*Assignment*. Word for word, write the lines below out again, with no pictures.

*Dataset section*.
════════════════
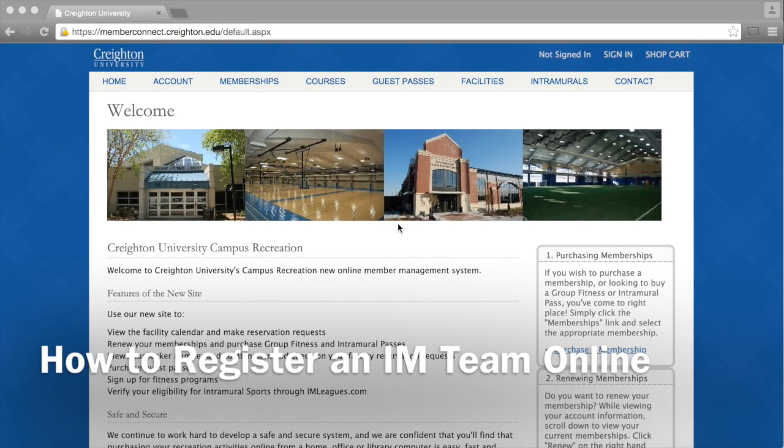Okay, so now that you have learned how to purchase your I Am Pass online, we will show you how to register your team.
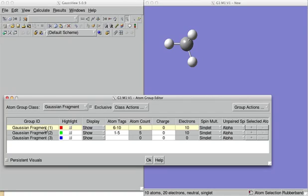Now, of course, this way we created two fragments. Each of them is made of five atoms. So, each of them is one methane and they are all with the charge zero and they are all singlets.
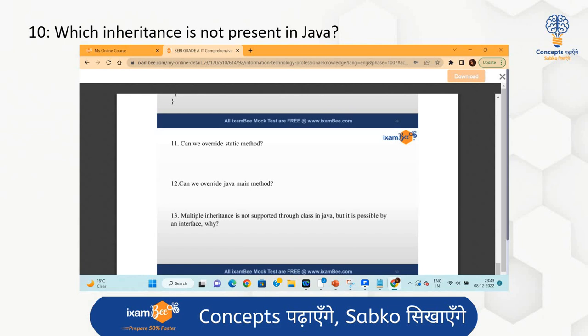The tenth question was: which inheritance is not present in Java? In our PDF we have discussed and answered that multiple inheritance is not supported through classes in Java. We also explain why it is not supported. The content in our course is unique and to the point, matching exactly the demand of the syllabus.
════════════════
*Result of this exercise*.
Okay, so now that you have learned how to purchase your I Am Pass online, we will show you how to register your team.
Now, of course, this way we created two fragments. Each of them is made of five atoms. So, each of them is one methane and they are all with the charge zero and they are all singlets.
The tenth question was: which inheritance is not present in Java? In our PDF we have discussed and answered that multiple inheritance is not supported through classes in Java. We also explain why it is not supported. The content in our course is unique and to the point, matching exactly the demand of the syllabus.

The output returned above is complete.